Stop-motion specialist Paper Panther Productions is proving that even in today’s increasingly digital world, some of the oldest and most tactile animation techniques—such as paint-on-glass, charcoal and sand animation—can still be used for commercial gain.
Launched in 2014 by art school friends Carol Freeman, Eimhin McNamara and Pádraig Fagan, the Dublin-based company now counts animation outfit Cartoon Saloon, streaming giant Netflix and Irish pubcaster RTÉ among its growing list of clients.
On the service side, co-founder McNamara is currently working on a charcoal sequence for Wolfwalkers, the next animated kids feature from Song of the Sea director Tomm Moore and Cartoon Saloon that will launch on Apple’s streaming service.
The animation technique is a traditional style pioneered by South African artist William Kentridge that uses successive drawings in charcoal, made on a single surface and captured on camera frame by frame.
Paper Panther also delivered a puppeted one-minute stop-motion segment for Netflix’s adult-skewing original comedy series Disjointed in 2017, as well as work for clients like paint manufacturer Dulux.

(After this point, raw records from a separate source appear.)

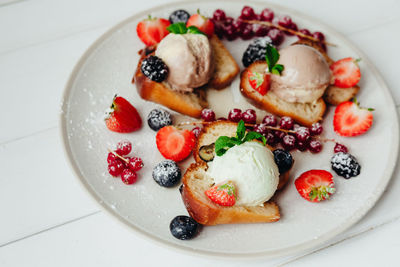 Close-up of ice cream with fruits and breads in plate on table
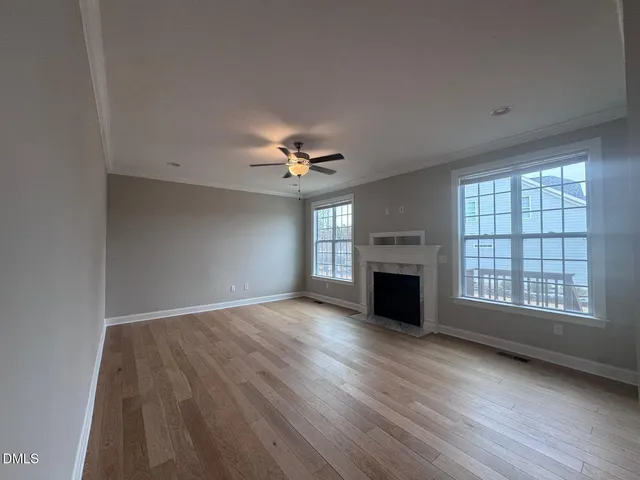 a large kitchen with a large counter top a sink stainless steel appliances and cabinets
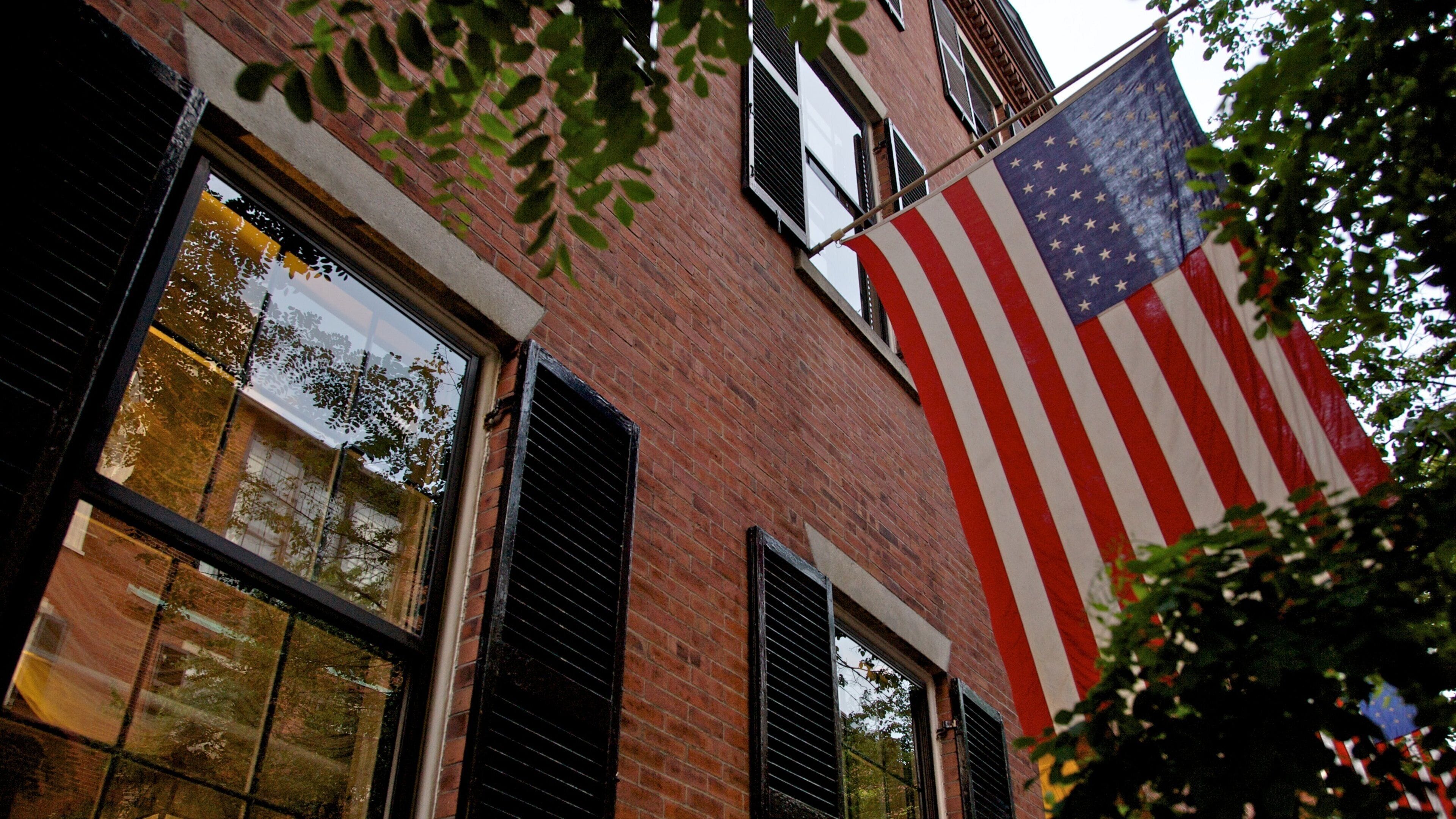 Vibrant American flag hangs outside historic building in Beacon Hill, Boston, showcasing architectural charm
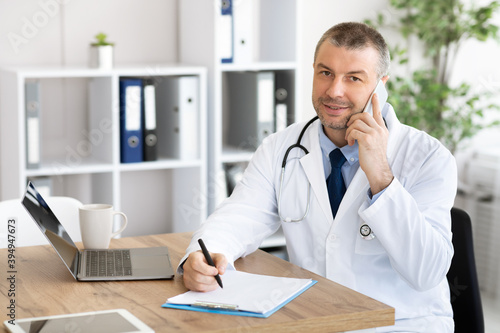 Doctor talking on smart phone with patient, writing notes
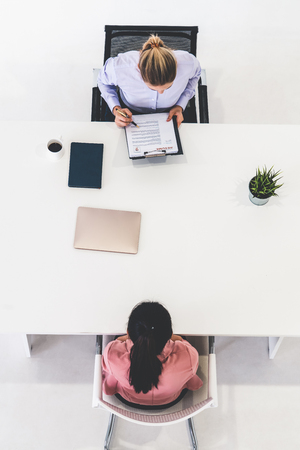 Two young business women in meeting at office table for job application and business agreement. Recruitment and human resources concept.の写真素材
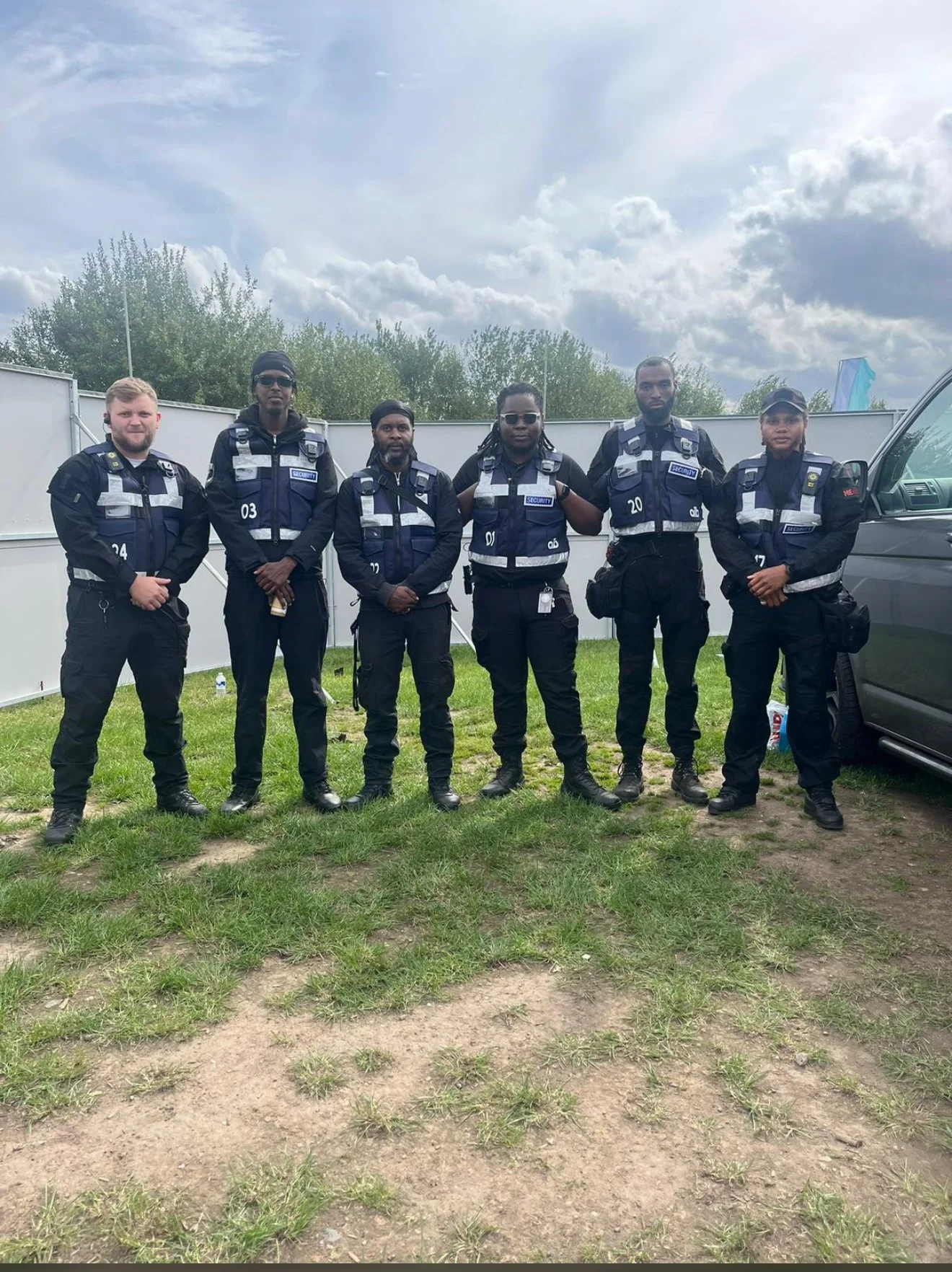Six security personnel standing outdoors on a grassy area, wearing black uniforms with reflective patches and gear, with cloudy sky and trees in the background.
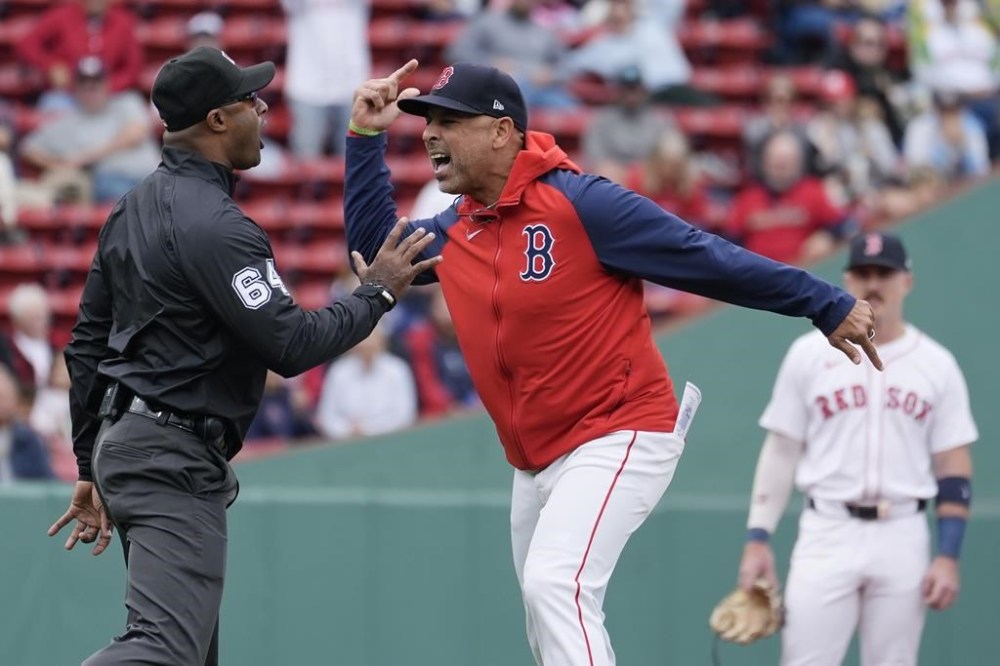 Boston Red Sox manager Alex Cora argues with umpire Alan Porter (64) after being ejected during the first inning of the first game of a baseball doubleheader against the Minnesota Twins, Sunday, Sept. 22, 2024, in Boston. (AP Photo/Michael Dwyer)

The prodco is now expanding beyond service work into original IPs in the hopes of bringing more long-forgotten techniques to the forefront.
Up first, Paper Panther is riding a wave from its original short, The Bird and the Whale (2018). Funded by Screen Ireland and RTÉ, The Bird and the Whale tells the tale of a baby whale who must find his way home after discovering a shipwreck and its sole survivor, a caged songbird. Written and directed by Freeman, the seven-minute, paint-on-glass film for kids won best animation, as well as best design and art direction at the 2019 Irish Animation Awards. Paper Panther also took home the prize for best newcomer. To date, the film has earned more than 20 awards on the international festival circuit and will be screened at the 72nd Cannes Film Festival as part of Animation Nights New York.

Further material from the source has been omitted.